Document Type

Article

Publication Date

6-2016

Abstract

The scope of habeas relief for state prisoners, especially during the decades before the Supreme Court’s 1953 decision in Brown v. Allen, is a famously disputed question – one of recognized significance for contemporary debates about the proper scope of habeas review. This Essay provides a new answer. It argues that, until the enactment of AEDPA in 1996, state prisoners were always entitled to de novo review of the legal and mixed law/fact questions decided against them by the state courts. Until 1916, such review was provided by the Supreme Court; after 1953, such review was provided by the lower federal courts via habeas. The situation between 1916 and 1953 was murkier. This Essay shows that this was a transitional period marked by disagreement among the Justices as to the appropriate federal forum to review state court decisions resulting in custody. At the beginning of this period, a majority of Justices continued to insist that the responsibility rested with Supreme Court.
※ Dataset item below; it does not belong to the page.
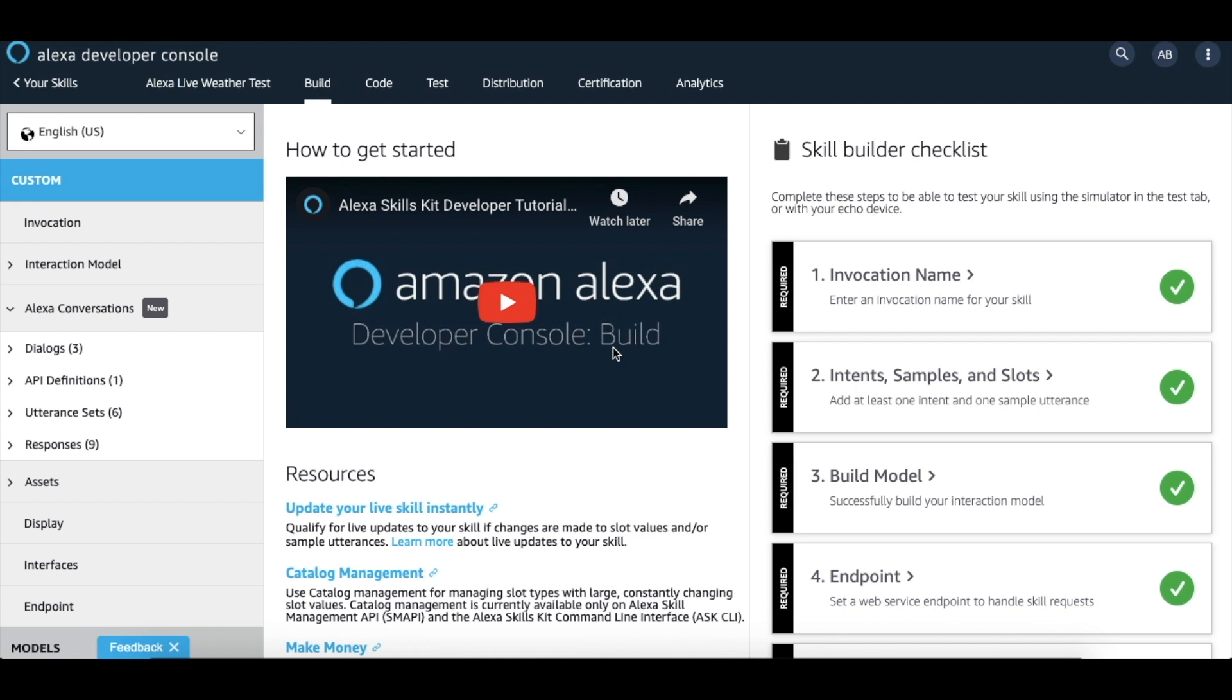When you create an Alexa conversation skill, your first step is to write one or more sample conversations between Alexa and the user. These sample conversations are called dialogues and will be used to screen data to build your skills model.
Towards the end of this period, the Court shifted this responsibility to the habeas courts as a majority of Justices came to recognize that the Court could no longer hope to monitor state court criminal convictions. The Justices during this period agreed that federal review of state court convictions was necessary but disagreed about which federal court should provide such review. The scope of habeas jurisdiction during this period, as before and after, reflected the Justices’ views about the proper allocation of jurisdiction among federal courts to review the state courts’ decision of constitutional questions arising in criminal cases resulting in custody.